(Records drawn from a dataset)
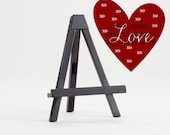 Love means with Heart and xoxo Home wall Decor Vinyl Lettering, Vinyl Wall Art, Vinyl Wall Decals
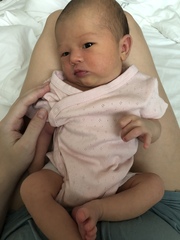 June 2020 Babies - newborn snuggles, recovery, milk and night feeds!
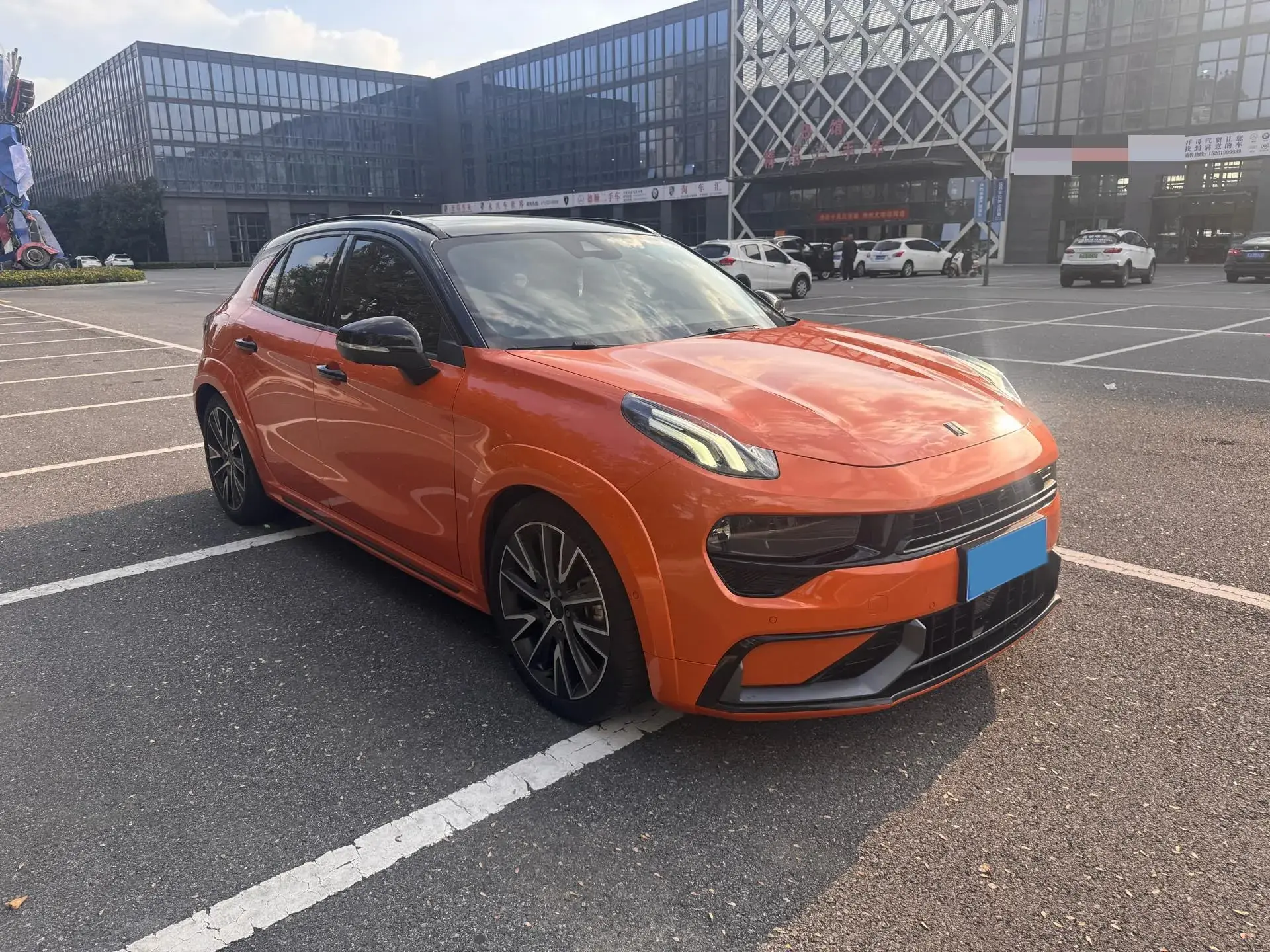 2021 LYNK&CO 02 thumbnail 3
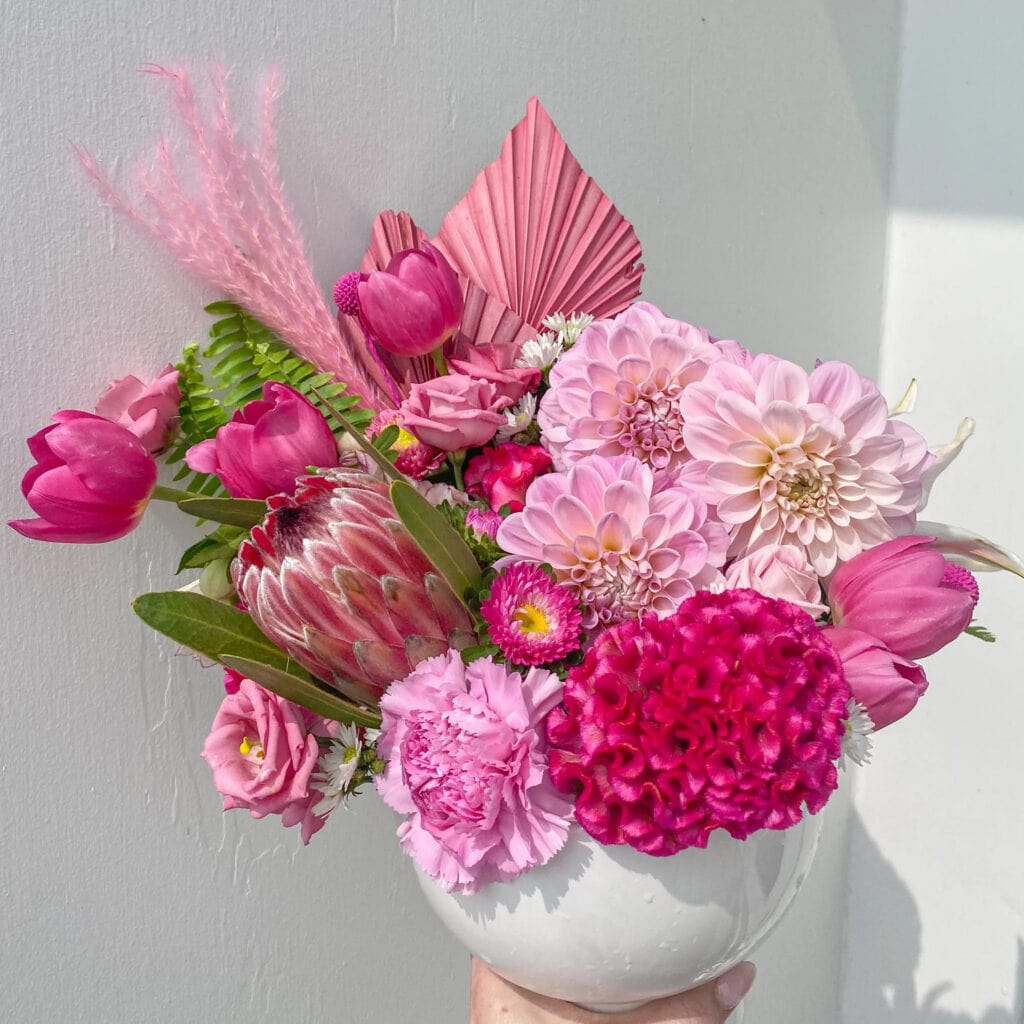 Monochromatic Flower by Bloomed Roots 1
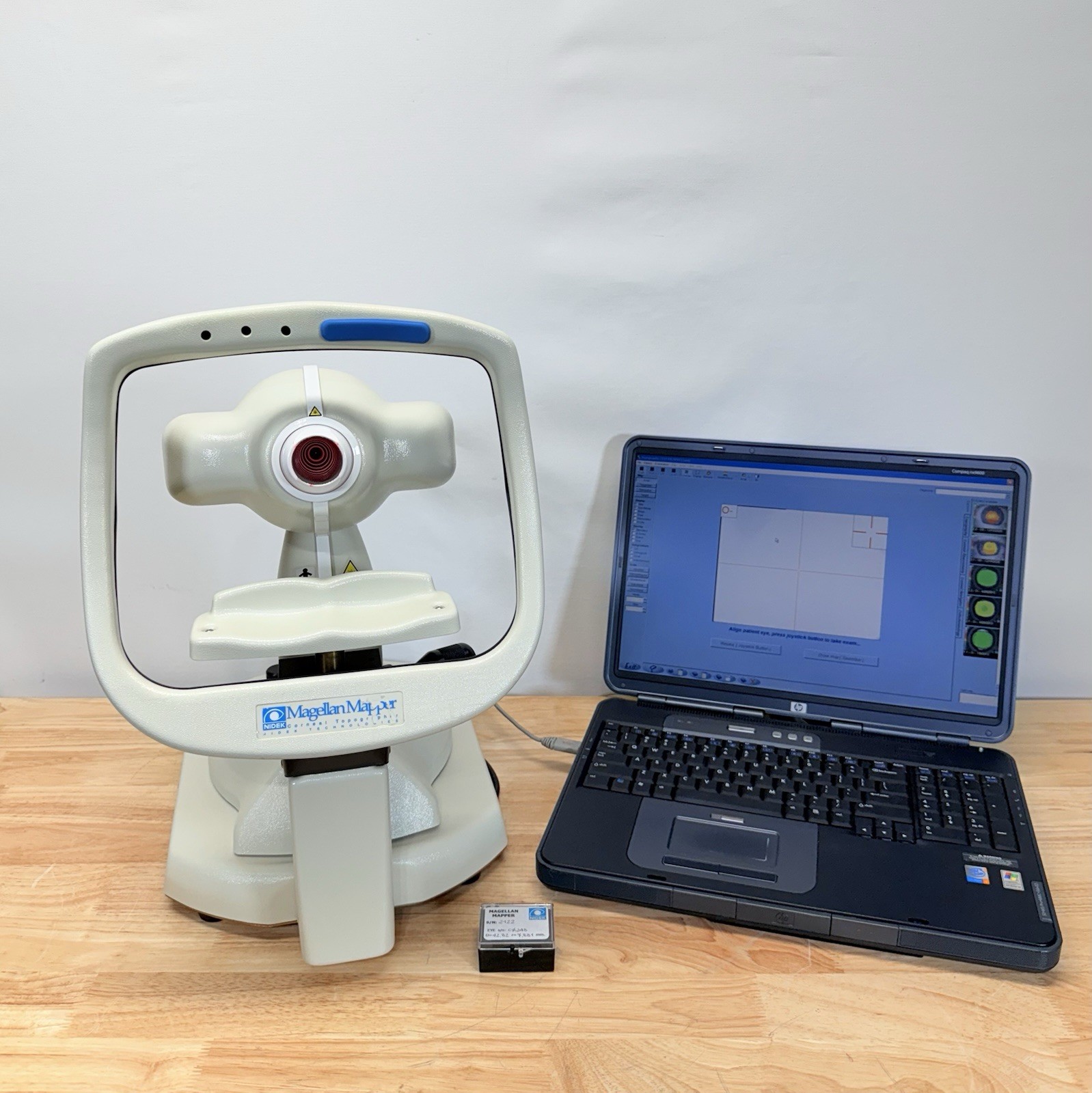 Nidek Magellan Corneal Topographer w/ Software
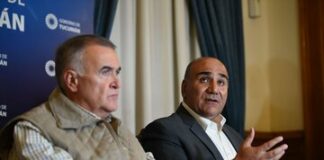 El gobernador de Tucumán, Juan Manzur anunció que se baja de la candidatura en las elecciones y que lo reemplazará Miguel Acevedo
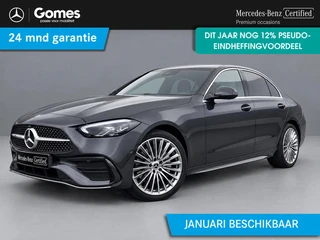Mercedes-Benz C 300 e Business Solution AMG | Panoramadak | Grijs Interieur | Winter Pakket | Trekha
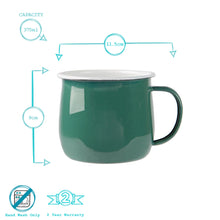 Load image into Gallery viewer, Enamel Belly Mug
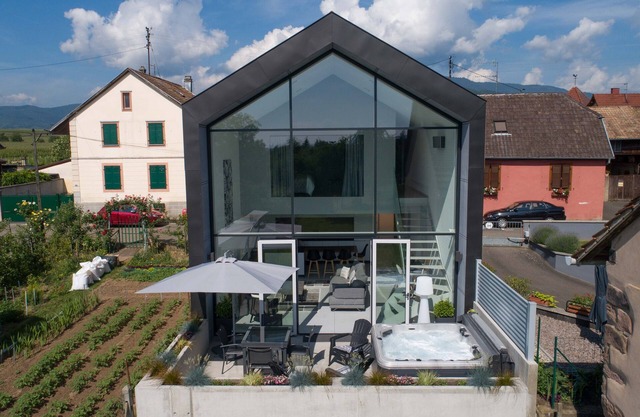 Maison D'Architecte in one of France's most beautiful villages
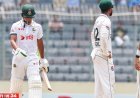 অল্পের জন্য বিরল বিশ্বরেকর্ড হাতছাড়া হলো শান্তর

> _DESCRIPTION OF THE TASK_:
Take the lines from the one holding "Mercedes-Benz C 300" through the final line of the records above and output them exactly, both ends included, excluding pictures.

> _REPLY TO THE EXERCISE_:
Mercedes-Benz C 300 e Business Solution AMG | Panoramadak | Grijs Interieur | Winter Pakket | Trekha
 Load image into Gallery viewer, Enamel Belly Mug
 Maison D'Architecte in one of France's most beautiful villages
 অল্পের জন্য বিরল বিশ্বরেকর্ড হাতছাড়া হলো শান্তর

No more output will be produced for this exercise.